**ASSIGNED TASK:**
Reproduce, unchanged, the lines between the one holding "canvas-in-18x24-front-68edafc5db2a7.jpg Canvas butterfly" and the last line of the records, including both ends, but no pictures.

(Saved data entries)
= = = = = = =
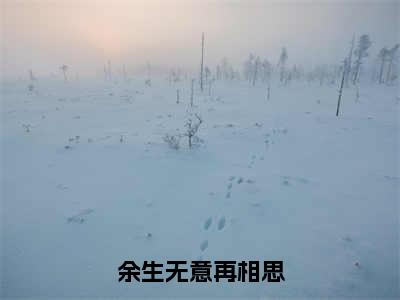 付应澜柳清欢宋云倾（余生无意再相思）完整版小说阅读_余生无意再相思付应澜柳清欢宋云倾全文免费阅读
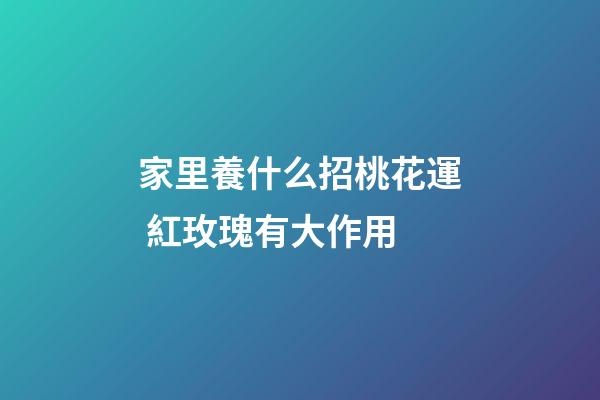 家里養什么招桃花運 紅玫瑰有大作用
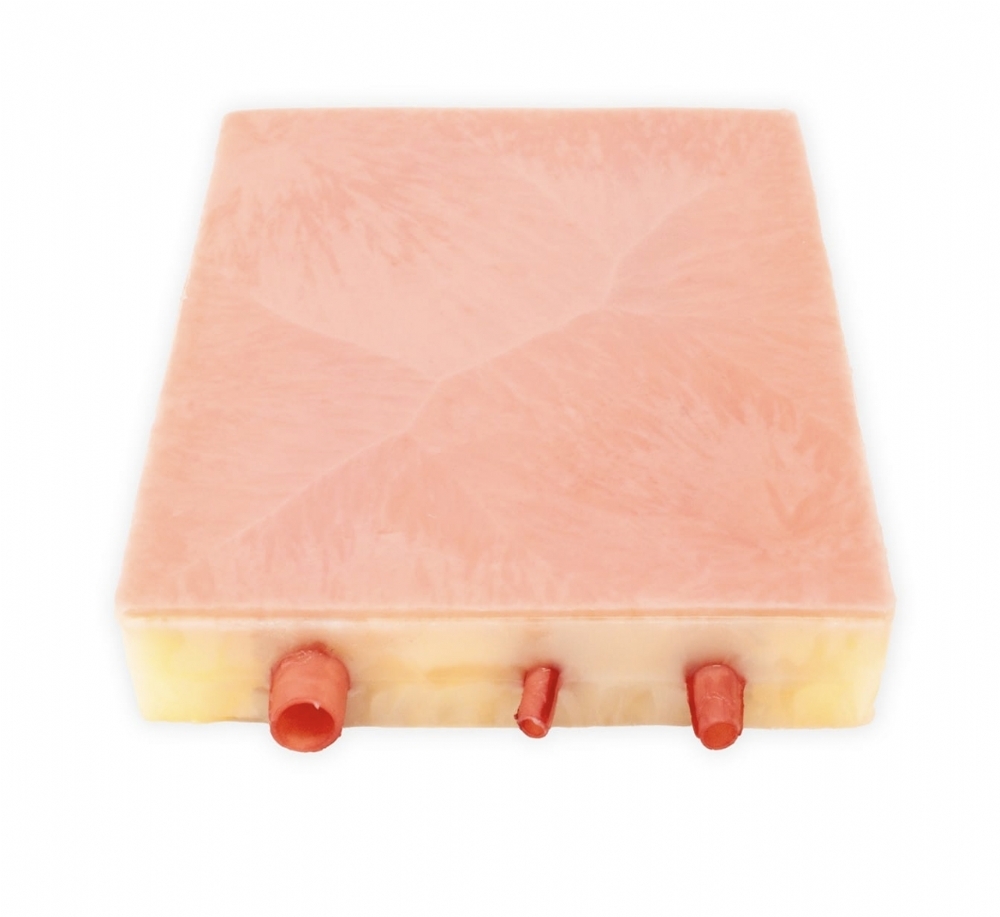 Embedded Carotid Arteries with Plaque and Dermis Model | Carotid Endarterectomy Training Simulator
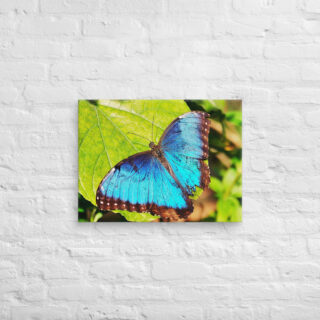 canvas-in-18x24-front-68edafc5db2a7.jpg Canvas butterfly 0003 18″×24″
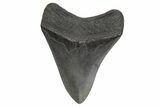 Fossil Megalodon Tooth - South Carolina #214668-1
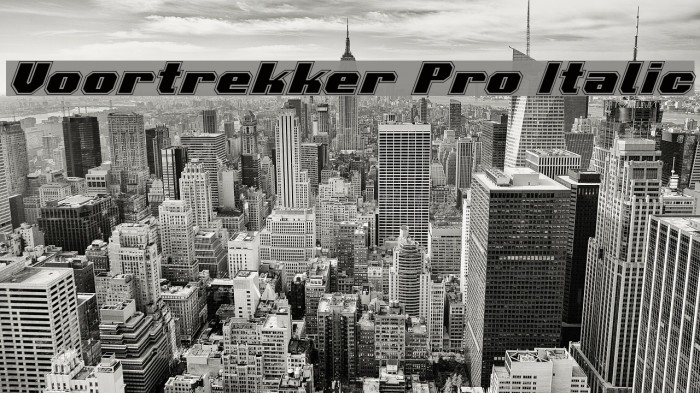 Voortrekker Pro Italic Font examples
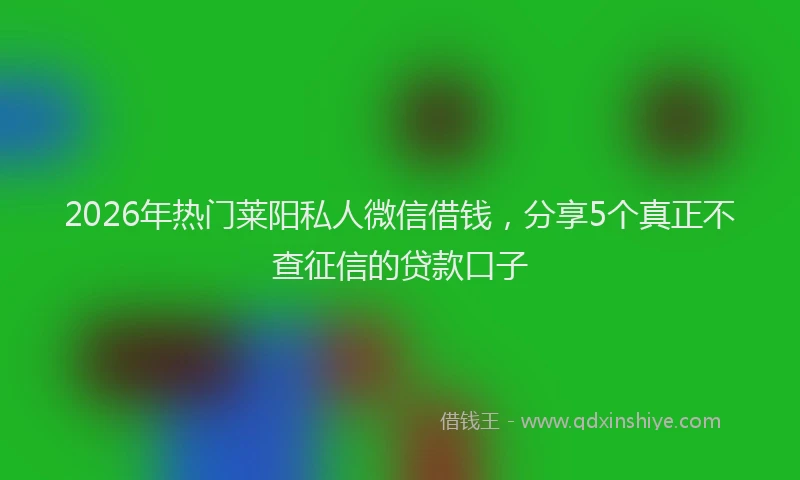 2026年热门莱阳私人微信借钱，分享5个真正不查征信的贷款口子
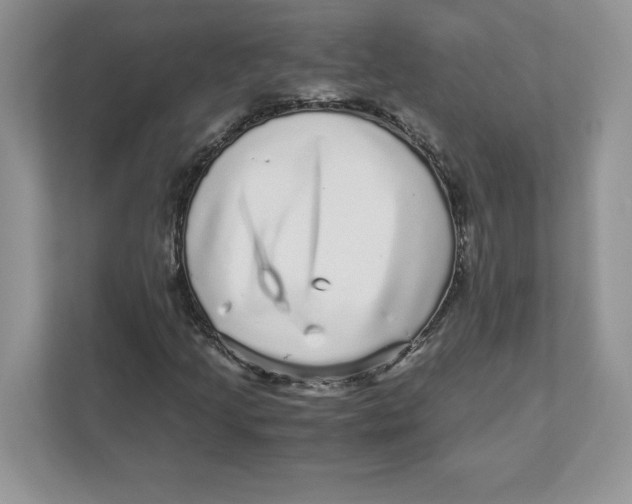 X0000110871205200907091354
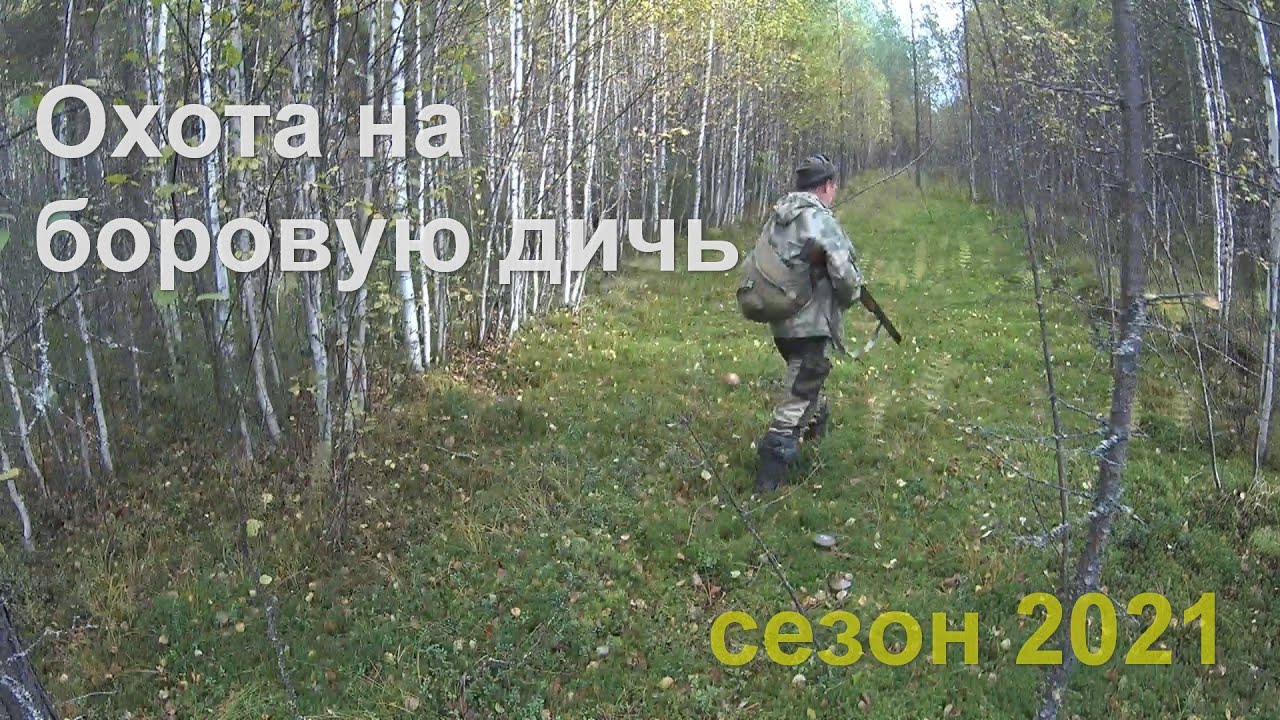 Охота на боровую дичь. Сезон 2021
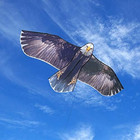 Bald Eagle Huge Kite For Kids And Adults Single Line String Easy To Fly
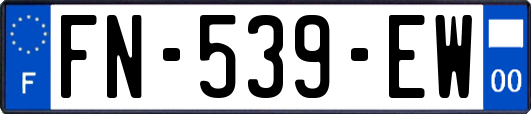 FN-539-EW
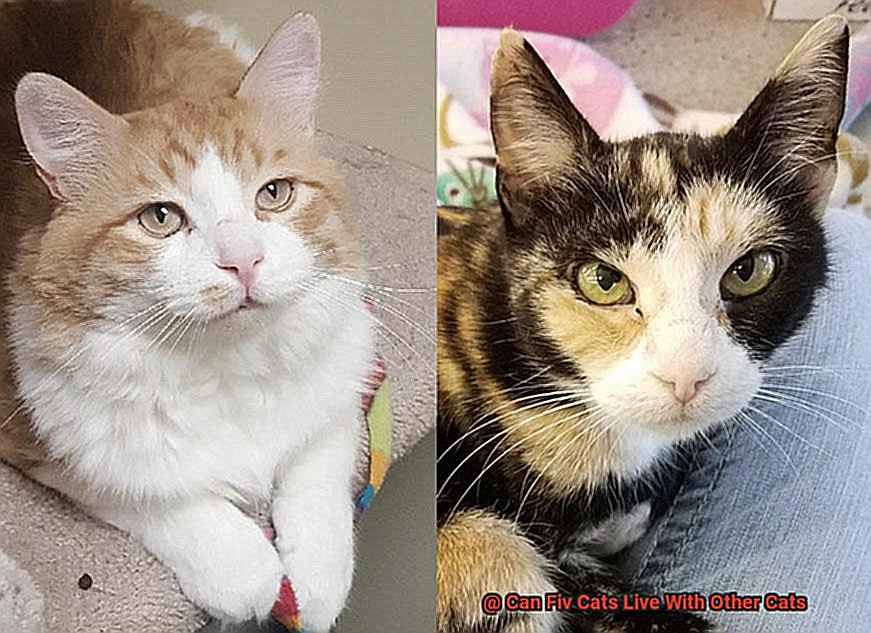 Can Fiv Cats Live With Other Cats-3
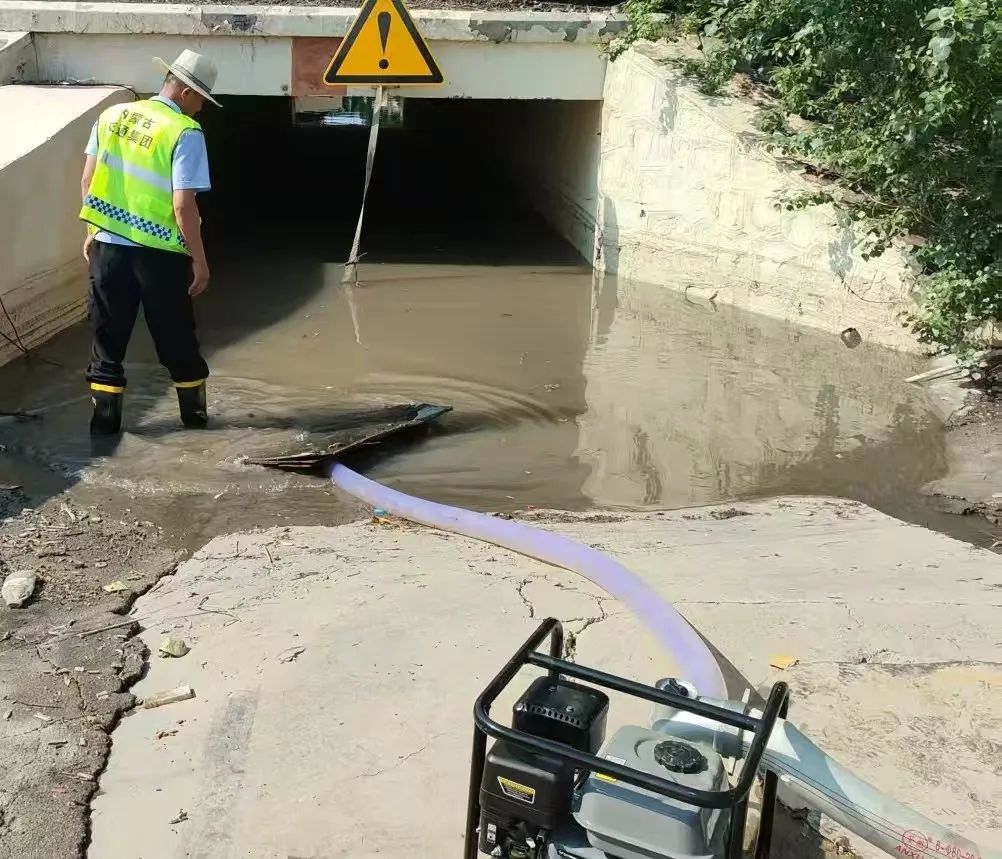 女人与公狍交酡女免费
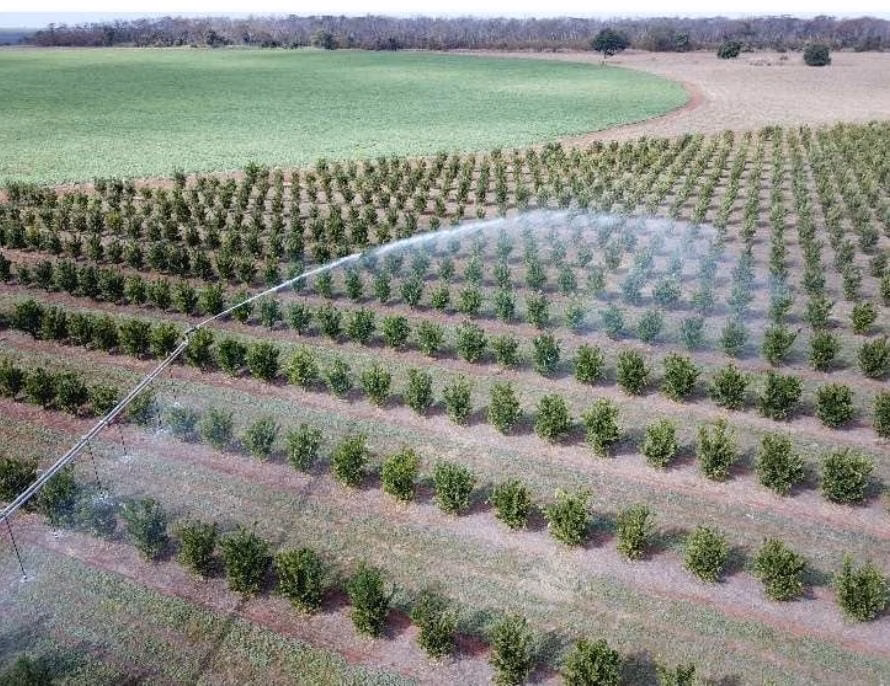 Fazenda de 158 ha em Cardoso, SP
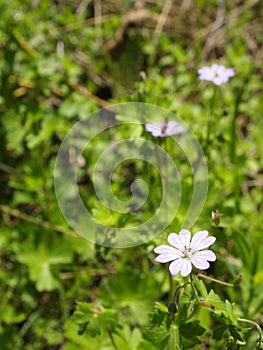 closeup detail of a forrest flower in blossom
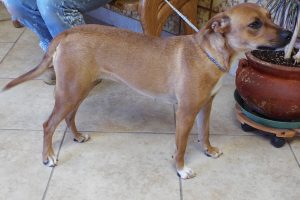 Picture of Caramel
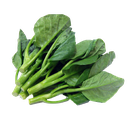 Fresh Kailaan 1kg | 新鲜 芥兰 1kg
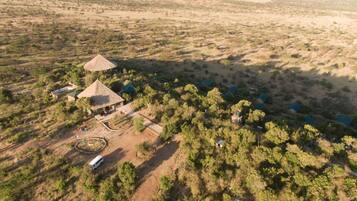 An aerial view of a rural property with a central building surrounded by trees and a few scattered structures.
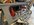 IMG_1704.jpeg
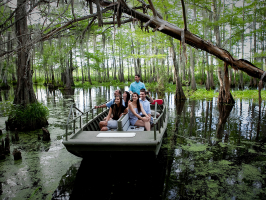 Best Louisiana Swamp Tours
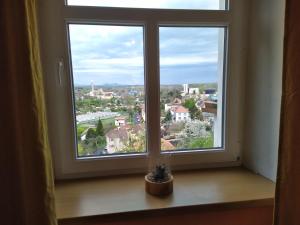Fotografie z fotogalerie ubytování Apartmany Žatec v Žatci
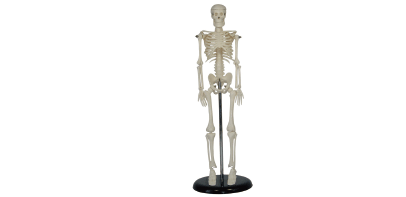  人体骨骼模型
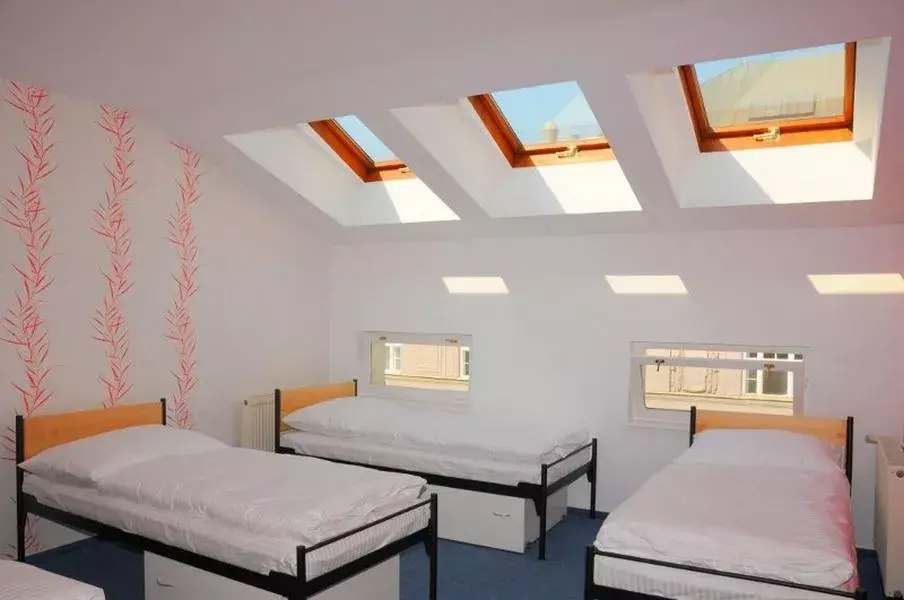 Photo 3 of Hostel Miles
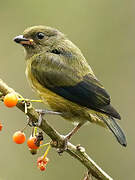 Orange-bellied Euphonia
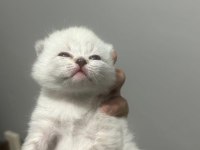 55 günlük british longhair yavrular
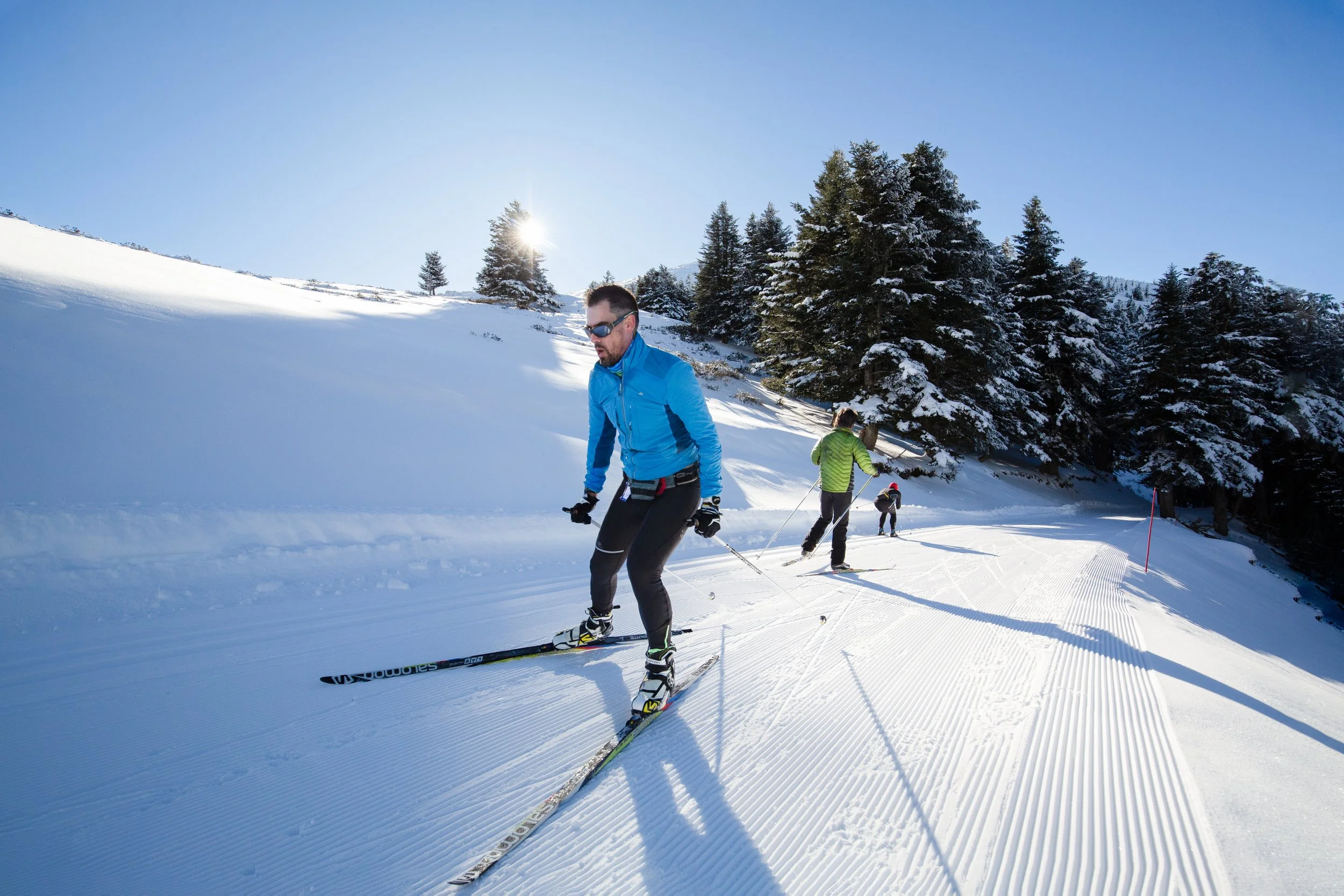 Groupe de personnes faisant du ski en montagne ensoleillée, avec des arbres enneigés et un ciel bleu.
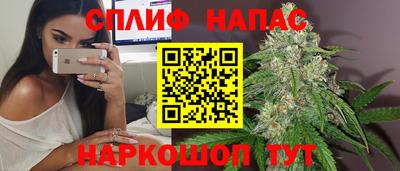 СК Краснознаменск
= = = = = = =
**WORKED SOLUTION:**
 canvas-in-18x24-front-68edafc5db2a7.jpg Canvas butterfly 0003 18″×24″
 Fossil Megalodon Tooth - South Carolina #214668-1
 Voortrekker Pro Italic Font examples
 2026年热门莱阳私人微信借钱，分享5个真正不查征信的贷款口子
 X0000110871205200907091354
 Охота на боровую дичь. Сезон 2021
 Bald Eagle Huge Kite For Kids And Adults Single Line String Easy To Fly
 FN-539-EW
 Can Fiv Cats Live With Other Cats-3
 女人与公狍交酡女免费
 Fazenda de 158 ha em Cardoso, SP
 closeup detail of a forrest flower in blossom
 Picture of Caramel
 Fresh Kailaan 1kg | 新鲜 芥兰 1kg
 An aerial view of a rural property with a central building surrounded by trees and a few scattered structures.
 IMG_1704.jpeg
 Best Louisiana Swamp Tours
Fotografie z fotogalerie ubytování Apartmany Žatec v Žatci
  人体骨骼模型
 Photo 3 of Hostel Miles
 Orange-bellied Euphonia
 55 günlük british longhair yavrular
 Groupe de personnes faisant du ski en montagne ensoleillée, avec des arbres enneigés et un ciel bleu.
 СК Краснознаменск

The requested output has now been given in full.